Le minutage pousse à l’uniformisation, et probablement à la scoopisation. Une « info », un angle, un buzz, et basta. Ironie de l’histoire, les blogueurs libres, c’est à dire qui publient de manière autonome sur leurs blogs, sont souvent les premiers à s’imposer comme une règle d’airain le fait d’être court. C’est même un grand classique des articles de conseils de blogage, ceux où l’on explique doctement qu’il faut faire des paragraphes bien lisibles, avec du gras, des intertitres, et des questions en conclusion pour associer le lecteur. Tout cela est plein de bon sens ; comme on le sait, les propos perdent souvent en profondeur ce qu’ils gagnent en longueur, et personne n’a envie de s’infliger des pensum interminables en times 8 demi-interligne. Mais inversement, comment imaginer la création, l’innovation, l’émergence d’une nouveauté à même de susciter l’intérêt, sans jouer un peu avec ces codes et ces carcans ? Respecter son lecteur, c’est aussi savoir, quand cela est utile, le brusquer, le prendre à rebrousse-poil, lui imposer une lecture un peu plus ardue s’il peut, au bout du compte, en tirer un intérêt particulier.
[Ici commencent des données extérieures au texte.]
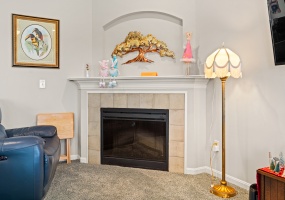 Electric Fireplace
Voire – horresco referens ! – lui faire perdre un peu de temps dans l’immédiat. Lui faire prendre le temps, tout simplement.

Ce qui vaut pour un blog individuel vaut également pour la presse professionnelle et ses dépendances participatives. Probablement le recrutement de hordes de contributeurs semi-professionnels, peu ou (en général) pas rétribués, mi-journalistes du quotidien mi-éditorialistes, est-il conçu comme une façon miraculeuse d’augmenter la voilure d’un journal sans en faire exploser les coûts, tout en se donnant une touche moderne et horizontale. Mais ce n’est pas de cette manière que l’on crée de la valeur, et donc de l’attractivité à moyen et long terme. Un titre comme le NouvelObs, avec sa réputation et son histoire, aurait pu essayer d’innover, de concevoir un modèle de publication misant sur la qualité et la mise en valeur de talents individuels, privilégiant le décalage et le temps du recul. Las, c’est d’un ersatz du Post.fr qu’a accouché la mue du site du prestigieux hebdomadaire. Une culture intensive et indifférenciée de blogueurs au kilo, au kilomètre, à l’horodateur. Ou une nouvelle illustration du vieux proverbe : qui peut le plus, peut le moins.